The following take any number of arguments:

  • or:

  • and:

  • =:

  • !=:

  • eq: Alias of =

  • neq: Alias of !=

  • <=:

  • >=:

  • <:

  • >:

Arithmetic

The following operators take any number of arguments:

  • +:

  • -:

  • *:

  • /:

  • %: Modulo operator. Returns the remainder of the division, e.g. (% 5 2) returns 1

  • mod: Alias for %

The following modify the argument:

  • ++: Add 1 to the argument and set it

  • incr: Alias for ++

  • --: Subtract 1 from the argument and set it

  • decr: Alias for --

Bitwise

  • bit-or:

  • bit-and:

  • bit-xor:

  • bit-ones-complement:

  • bit-<<: Left-shift. E.g. (bit-<< 1 1) shifts 1 to the left once, which in binary becomes 10, or 2 in decimal

  • bit->>: Right-shift. E.g. (bit->> 2 1) shifts 2 to the right once, which in binary becomes 1, or 1 in decimal

Tokens

Tokens are what Cakelisp becomes after the tokenizer processes the text. The Evaluator then reads Tokens in order to decide what to do. Only generators and macros interact with Tokens.

Unlike Lisp, Tokens are stored in flat, resizable arrays. This helps with CPU cache locality while processing Tokens. It does mean, however, that there is no abstract syntax tree. Functions like getArgument() and FindCloseParenTokenIndex() help with interacting with these arrays.

Once some text has been parsed into Tokens, the Token array should be kept around for the lifetime of the environment, and should not be resized. Other things in the Evaluator will refer to Tokens by pointers, so they must not be moved.
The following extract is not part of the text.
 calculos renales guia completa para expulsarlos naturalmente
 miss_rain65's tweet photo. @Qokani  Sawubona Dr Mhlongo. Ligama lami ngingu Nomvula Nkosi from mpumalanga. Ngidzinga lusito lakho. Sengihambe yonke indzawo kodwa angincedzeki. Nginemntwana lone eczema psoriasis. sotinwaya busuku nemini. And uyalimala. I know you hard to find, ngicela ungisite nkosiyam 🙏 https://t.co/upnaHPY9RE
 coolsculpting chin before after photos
Compile-time code execution

There are four major types of compile-time code execution:

  • Macros: Input is tokens, output is tokens

  • Generators: Input is Cakelisp tokens, output is C/C++ code. Generators output to both header (.hpp) and source files (.cpp). All built-ins are generators, though some generators don't output anything, and instead modify the environment in some way

  • Hooks: Cakelisp provides opportunities to run compile-time functions at various stages in the process. For example, the pre-link hook can be used to add link arguments. The post-references-resolved hook is when code modification and arbitrary code generation can occur.
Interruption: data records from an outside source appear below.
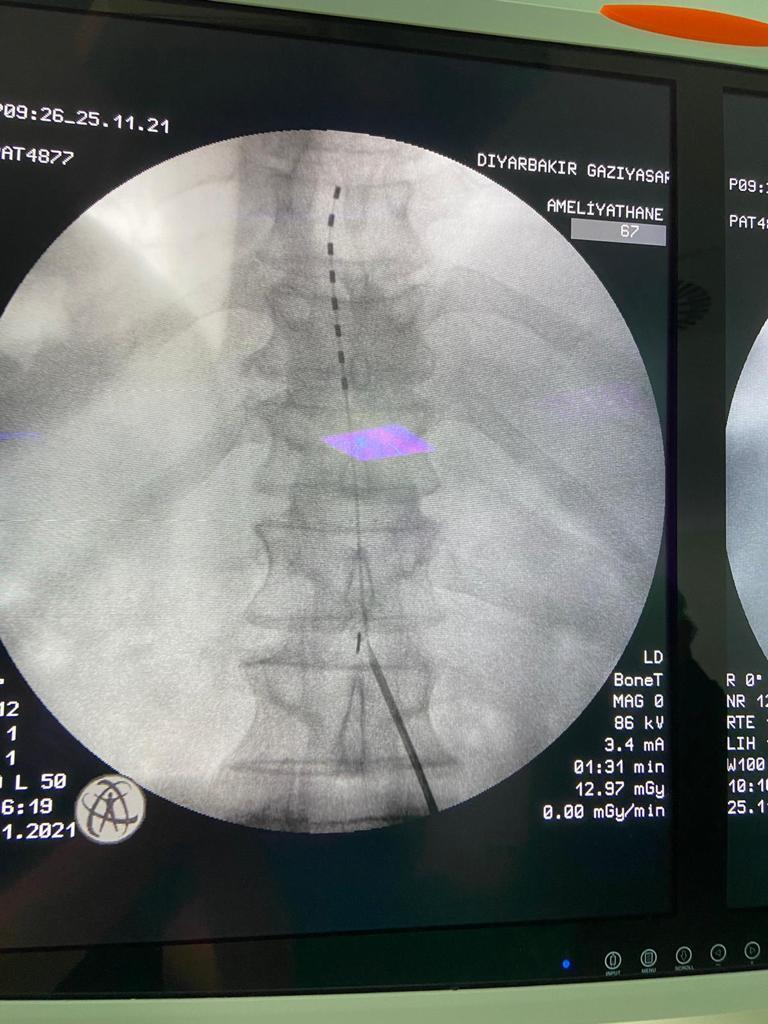 Terör mağduruna, 27 yıldır dinmeyen ağrıları nedeniyle ağrı pili takıldı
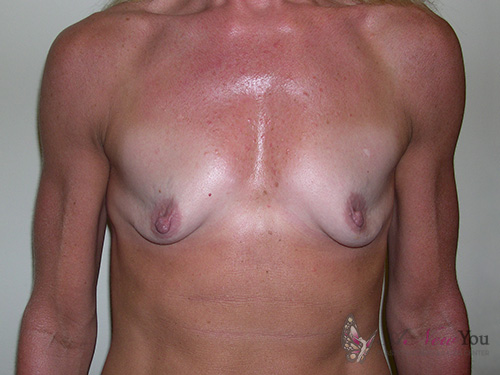 Breast Augmentation Before - Chicago, IL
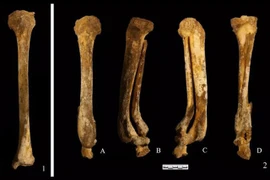 Bộ xương cổ đại tiết lộ hình phạt chặt chân phụ nữ Trung Quốc 3.000 năm trước 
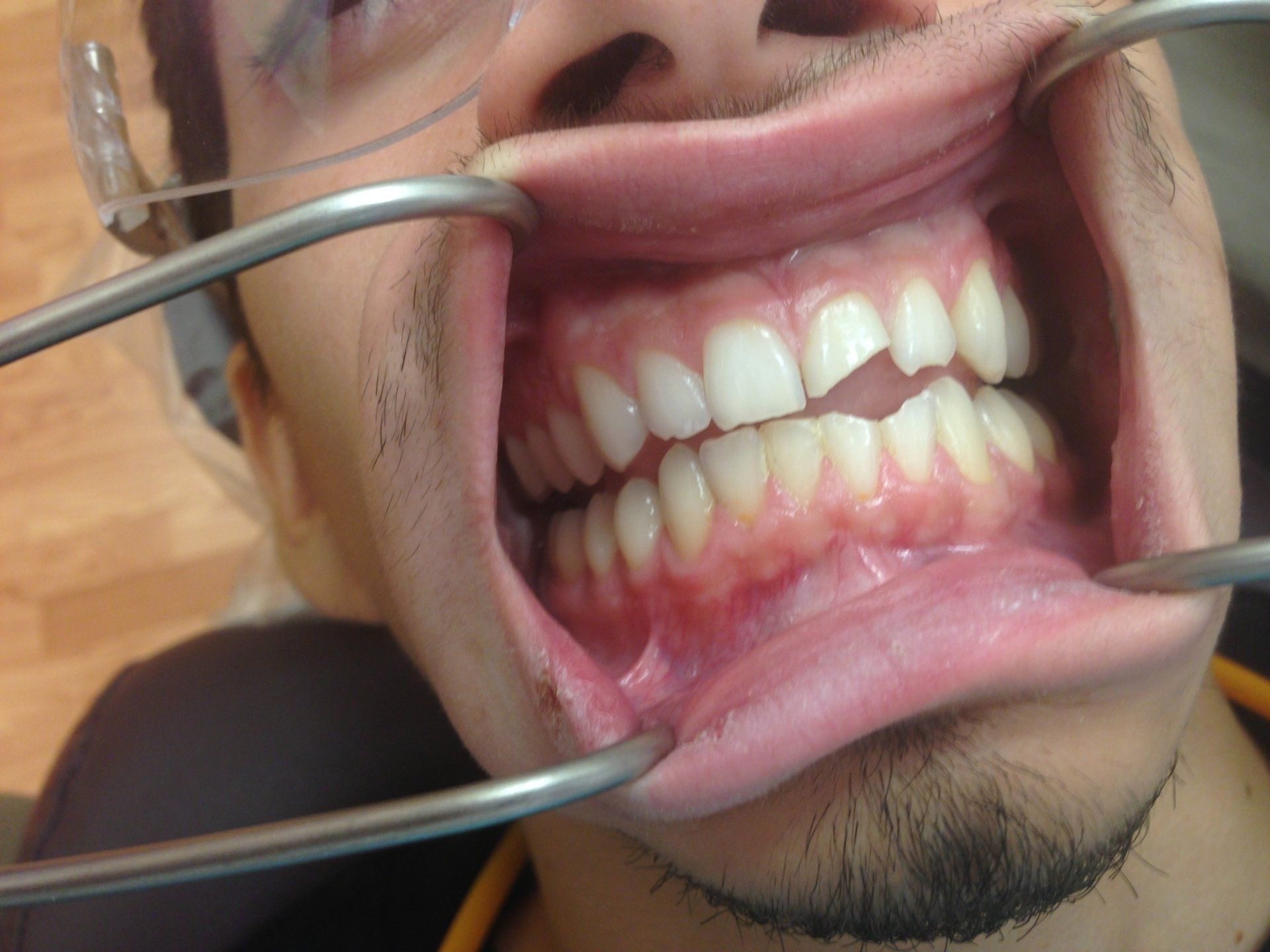 A man is getting his teeth examined by a dentist.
    Each hook has a required function signature. Cakelisp will helpfully output the signature it expected if you forget/make a mistake

  • Compile-time functions: Functions which can be called by other compile-time functions/generators/macros. Used to break up any of the three types above as desired. Declared via defun-comptime, but otherwise are like defun declaration-wise

Destructuring signatures

Macros and generators use a special syntax for their signatures. For example:

  (defmacro get-or-create-comptime-var (bound-var-name (ref symbol) var-type (ref any)
                                        &optional initializer-index (index any))
    (return true))

Notice that the signature does not look like defun signatures. This is because under the hood, all macros and generators have the same signatures corresponding to their types. defmacro and defgenerator overload the second argument (the first argument after the name of the macro/generator) to "destructure" arguments from the tokens received.
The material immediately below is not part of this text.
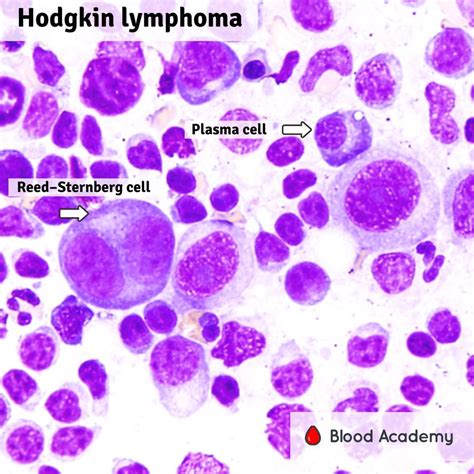 Hodgkin lymphoma - Blood Academy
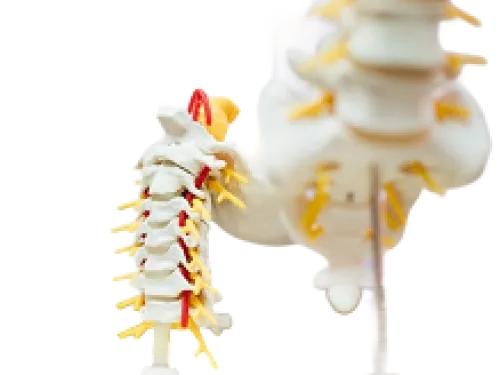 Get The Right Treatment For Spinal Cord Tumors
Let's go argument-by-argument for the above signature:

  • bound-var-name (ref symbol): A C++-style reference to a Token (const Token&) of type Symbol is required to run this macro. If the user passed in a String, the macro would fail to be invoked. (ref) denotes a binding to a Token, while symbol determines the type of token we expect.

  • var-type (ref any): Like bound-var-name, only this will take the second argument to the macro invocation, and it will accept any type of token. We use any here because types could start with ( or be a single symbol

  • &optional initializer-index (index any): This time, we need the index into the array of tokens. There are a couple reasons to require an index binding. In this case, we cannot use (ref) because the argument is marked &optional (references cannot be made in C++ if they could be null). If the argument is present, the any type means we don't need to perform token type checking. If the argument is omitted, the variable will be set to -1

There are several different "binding types" which dictate the local variable's type in your macro/generator body:

  • index: Indicate the start of the argument via an index into the tokens array. -1 if not set (allowed only if &optional)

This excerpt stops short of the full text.